Plants and lawns weather the extreme heat
The high temperatures are affecting curb appeal for homeowners and businesses, with landscaping companies working overtime to prevent a loss in inventory.
“It’s an island of brown,” said Ray Villagomez, who lives in Moline. “I guess I should say we’re the only island of green.”
Keeping an immaculate lawn is a labor of love for Villagomez and his mom, Josephine, but it’s been a challenge this summer and the watering is constant.
“Because of the extreme weather we’re watering every day,” he said. “We’re going to have a nice water bill.”
At Heritage Landscape Design in Moline, they’ve seen a one-percent loss in their inventory because of the heat.
“With the drought, the extreme heat days, I spend 75-percent of my time watering,” said Juli Hurley, a caretaker at the nursery.
While most of the plants there thrive in a warmer climate, some don’t.
“This is a burning bush,” said Hurley. “Normally, it is very heat tolerant, but I don’t know what happened to it.”

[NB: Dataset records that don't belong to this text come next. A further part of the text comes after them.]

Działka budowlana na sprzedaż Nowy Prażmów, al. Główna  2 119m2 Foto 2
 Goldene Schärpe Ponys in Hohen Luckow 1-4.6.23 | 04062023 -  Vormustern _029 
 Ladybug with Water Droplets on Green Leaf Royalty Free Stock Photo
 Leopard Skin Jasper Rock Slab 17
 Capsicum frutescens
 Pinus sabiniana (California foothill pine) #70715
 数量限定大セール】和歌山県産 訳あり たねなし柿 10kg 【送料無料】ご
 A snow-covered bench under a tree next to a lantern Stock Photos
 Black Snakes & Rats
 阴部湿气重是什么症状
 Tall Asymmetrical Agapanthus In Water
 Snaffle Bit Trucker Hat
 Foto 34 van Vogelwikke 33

The sod also needs a lot of watering- something their built-in irrigation system helps with.
But, not everyone can afford something like this, so they have to deal with a brown lawn.
“Yes, it’s turning brown and crunchy and it’s really awful to look at,” she said. “But, they will come back again.”
The nursery suggests watering your lawn once a day and preferably in the morning.
“You want to get the grass saturated and then you want to let it dry,” said Kevin Glackin with Heritage Landscape and Design. “If you don’t, it can develop a fungus.”
For Josephine, her green thumb is paying off but not without lots of love in the form of a watering hose.
Heritage is also in charge of maintaining the grounds at the new Kone building in downtown Moline.
Because of the heat, they’re working overtime to keep the plants there alive.